Server sends my_ruby_obj.to_json to browser (sinatra, with content_type :json) in response to a jquery ajax request (with $.get), which correctly defines a return type of json, and launches a callback function(data) which does:

console.log(data);

which returns:

#<Obj:0x1c9b018>

Now how do I access "data.price" attribute in javascript/jquery as I would normally do on a ruby object to access its attribute? ("my_ruby_obj.price")

I tried with console.log(data.price);

> Undefined

I feel I am missing a big piece here.. and I guess it has to do with how json works with objects..

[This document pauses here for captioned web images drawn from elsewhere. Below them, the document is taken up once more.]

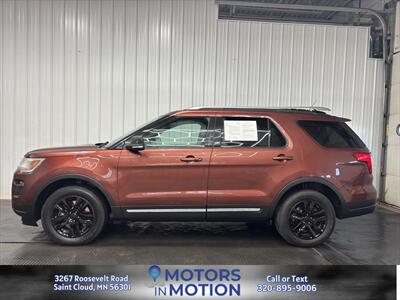 2018 Ford Explorer XLT 4WD w/Sunroof - Photo 2 - Saint Cloud, MN 56301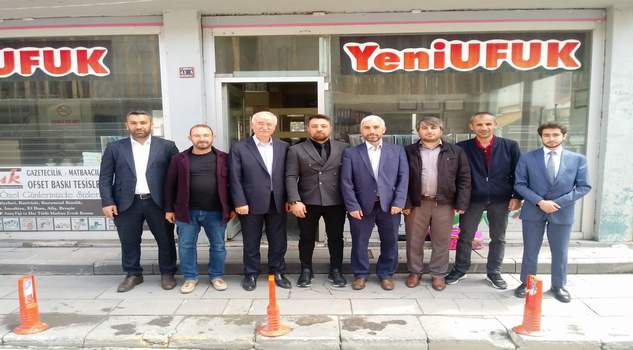 Türk Diyanet Vakıf Sen’den ziyaret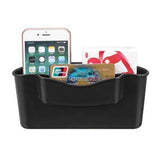 Universal Strong Sticky Large Capacity Car Storage Box Phone Holder for iPhone Xiaomi Mobile Phone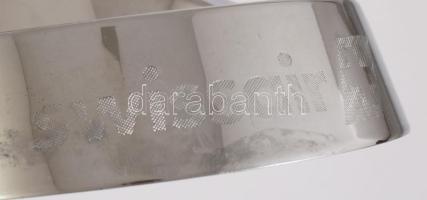 Bühler Swissair fém repülős emléktárgy 25 cm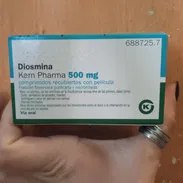 Diosmina 60 pastillas - Img 53934874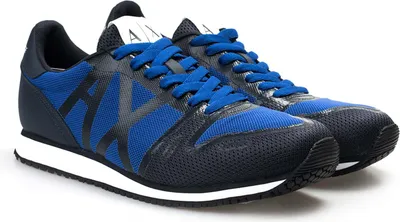 Obrázok produktu pre Armani Exchange Sneaker - XUX018 XV080 - Blue - Veľkosť: 40.5(EU)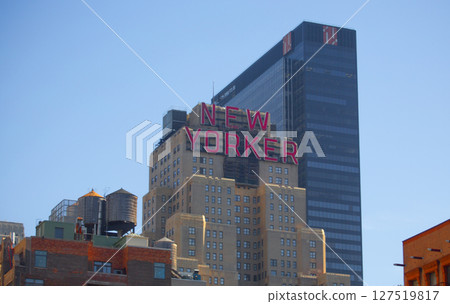 Wyndham New Yorker Hotel, a art-deco hotel in new york 127519817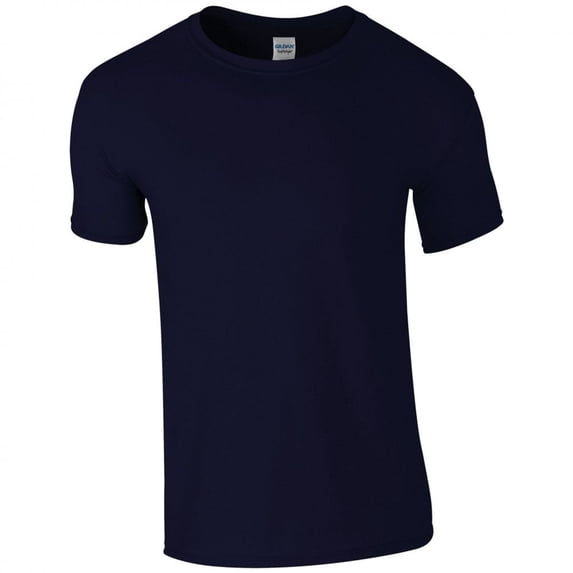 Gildan Mens Soft Style Ringspun T Shirt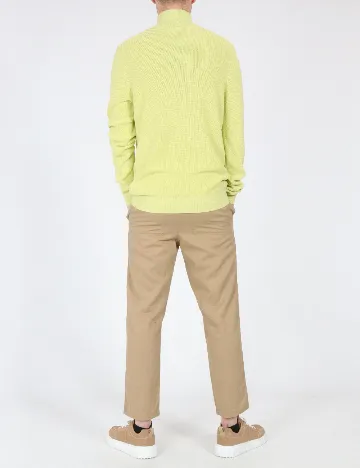 Pulover Massimo Dutti, verde Verde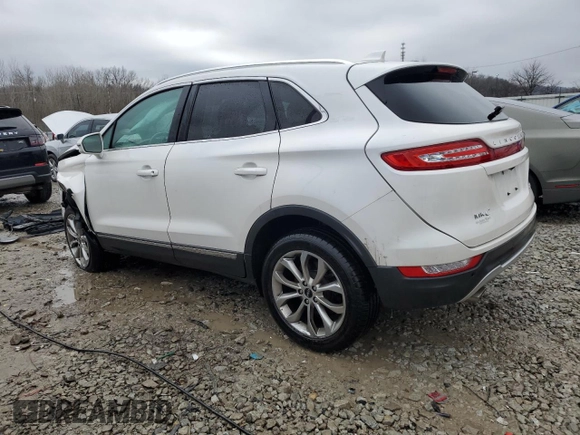 2017 Lincoln MKC Select z VIN 5LMCJ2D9XHUL20308, wystawiony jako Copart lot #44425455 z przebiegiem 69 557 mil mil oraz Nie do naprawy • Non repairable. Historia ofert i sprzedaży dostępna na DreamBid. Obrazek 2.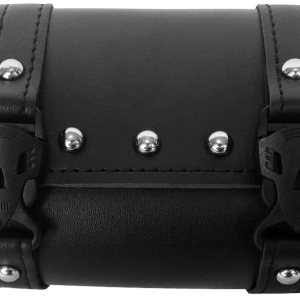 Bolsa de manillar de motocicleta Bolsa de tenedor Alforjas universales para Haley Kawasaki Suzuki Yamaha Bolsa de manillar de motocicleta Bolsa de tenedor Alforjas universales para Haley Kawasaki Suzuki Yamaha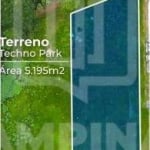 Terreno comercial à venda na Avenida Pierre Simon de Laplace, 9677, Techno Park, Campinas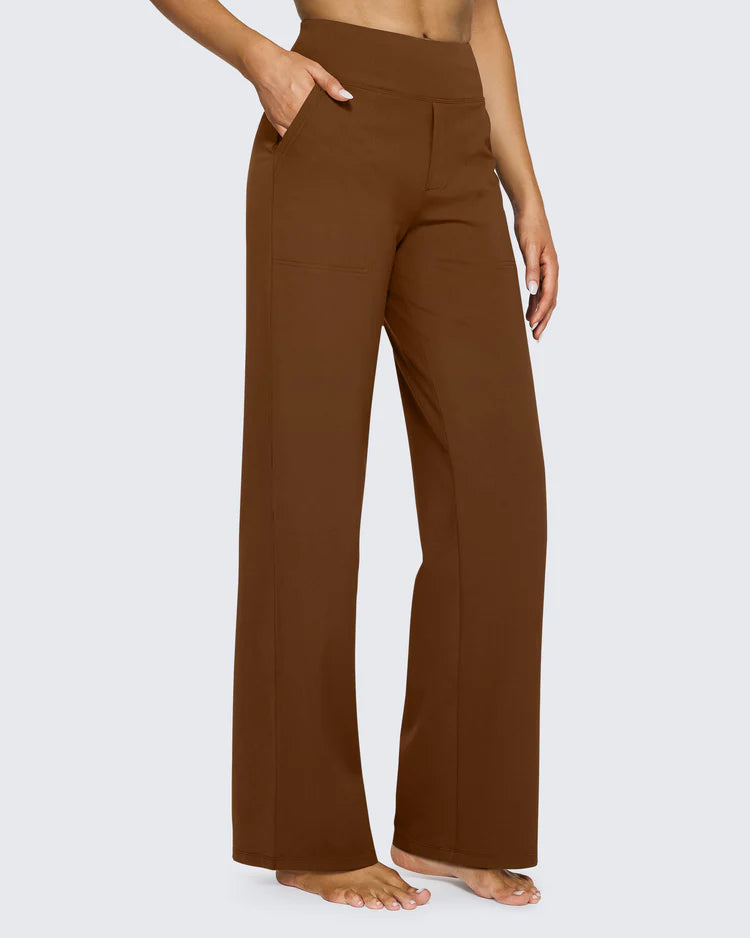 AllureFit™ Loose High-Waist Business Casual Pants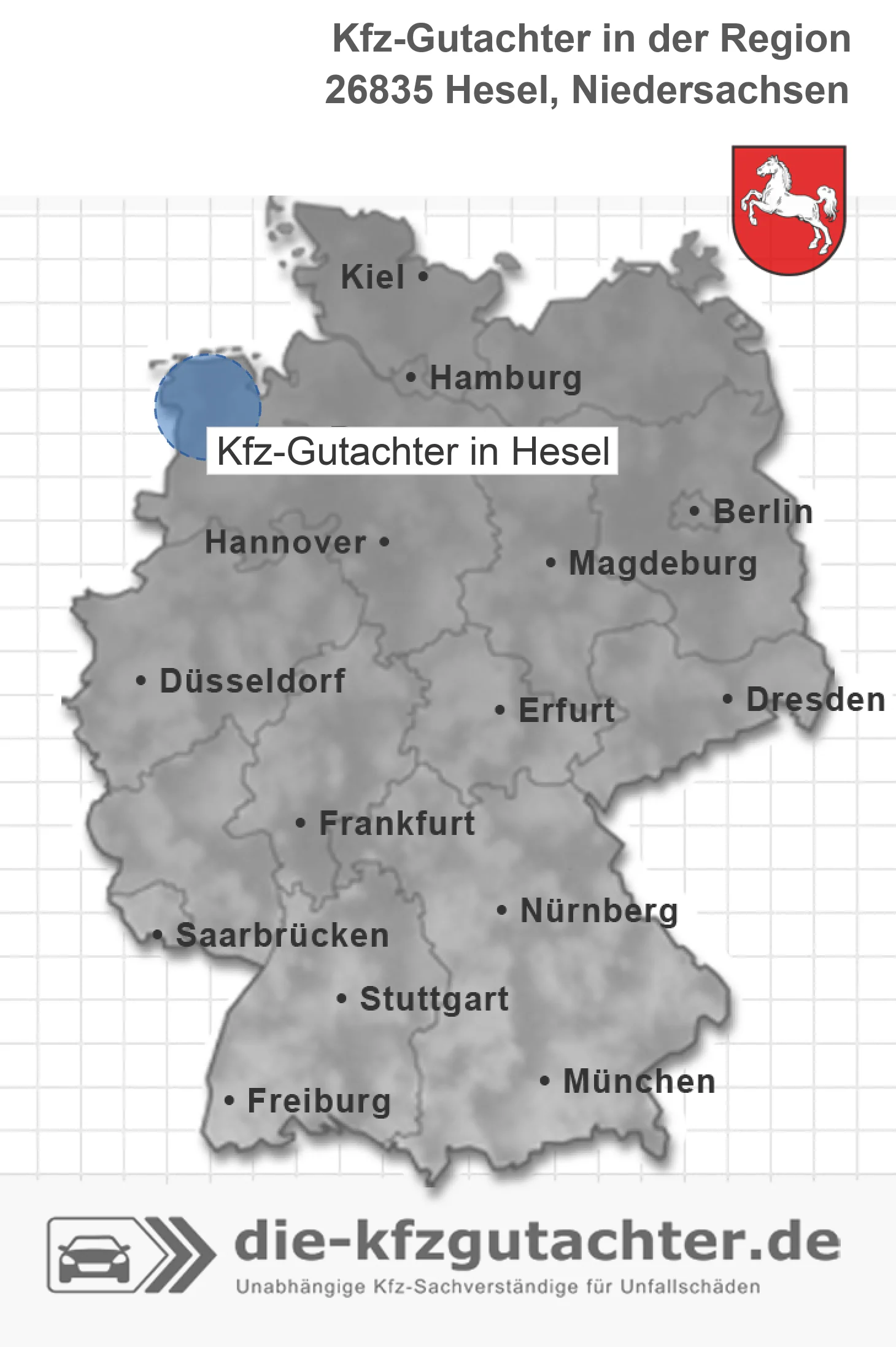 Kfz-Gutachter Hesel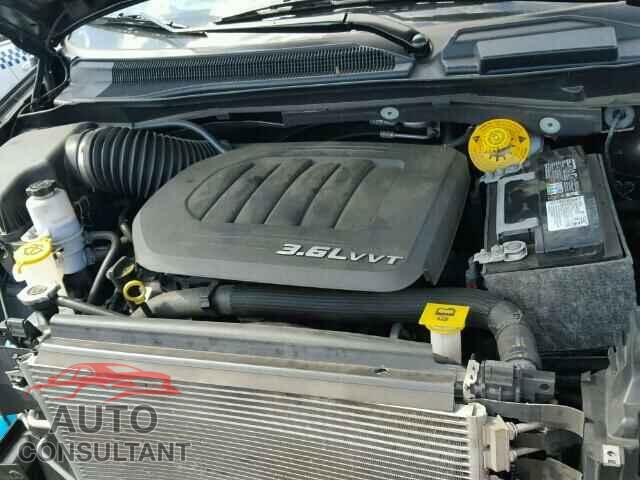 DODGE CARAVAN 2016 - 2C4RDGCG2GR181714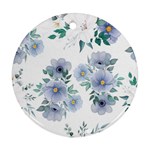 Floral pattern Ornament (Round)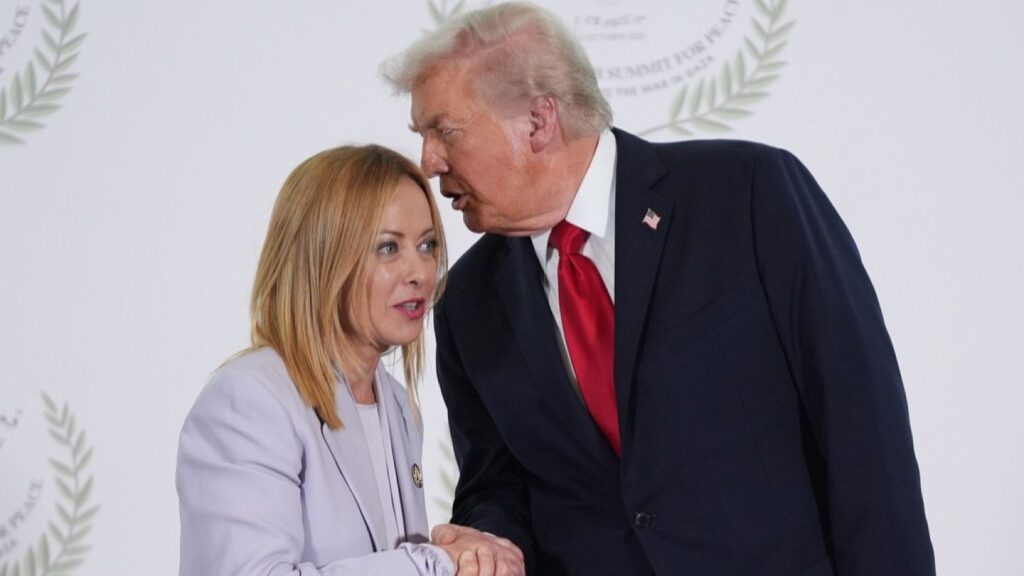 Meloni Reaffirms Trump Solidarity After WHCD Shooting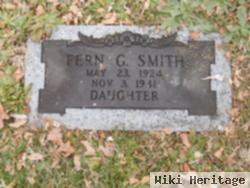 Fern G Smith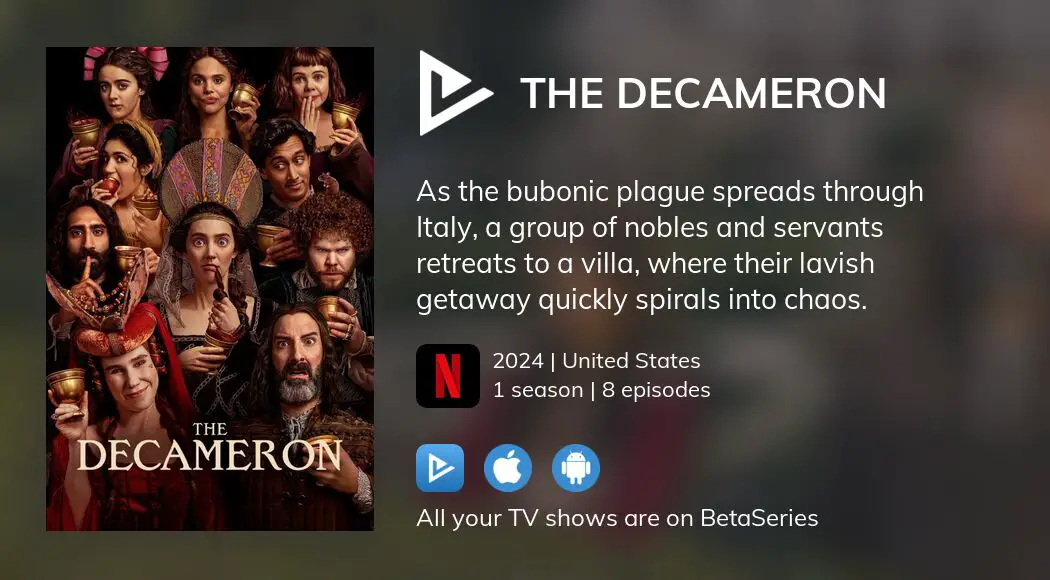 Video: Watch The Decameron In Full Legal Stream | BetaSeries.com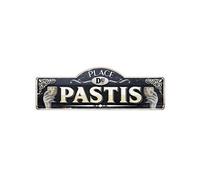 Plaque métallique PASTIS 90 x 30 cm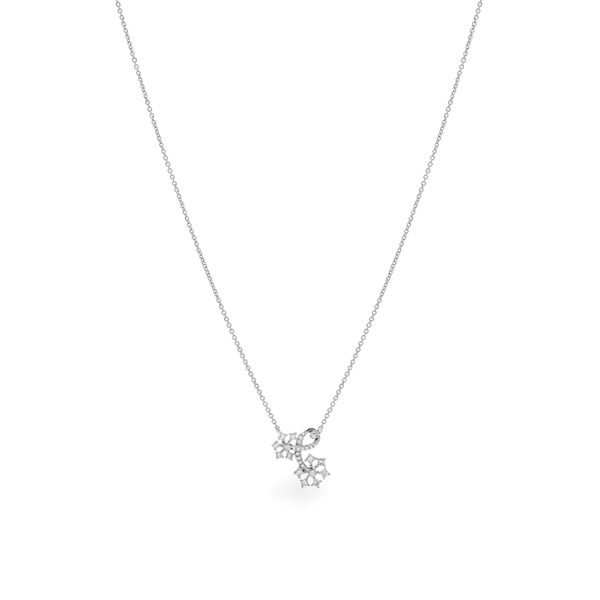 Dây liền mặt kim cương viên vàng 14K Jena A091 TD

Any help ? If possible, I'm looking for a correct way to do it with jquery.

Thanks

edit: trying to understand what is going on, I tried this in the callback:

newdata = $.parseJSON(data);

but debug console halts on it showing:

> uncaught exception: Invalid JSON: #<Obj:0x1c9b018>

I did call .to_json on the ruby object, so why it says so? ...

[[new_edit:]]

Seems like ruby json serialization for objects from custom classes is not working as I supposed:

Quoting from here: https://stackoverflow.com/a/4464721/988591

It will be a bit more difficult for objects from your own classes. For the following class, to_json will produce something like "\"#<A:0xb76e5728>\"". This probably isn't desirable. To effectively serialise your object as JSON, you should create your own to_json method.

and examples are following... But.. wow... isn't there an easier way ?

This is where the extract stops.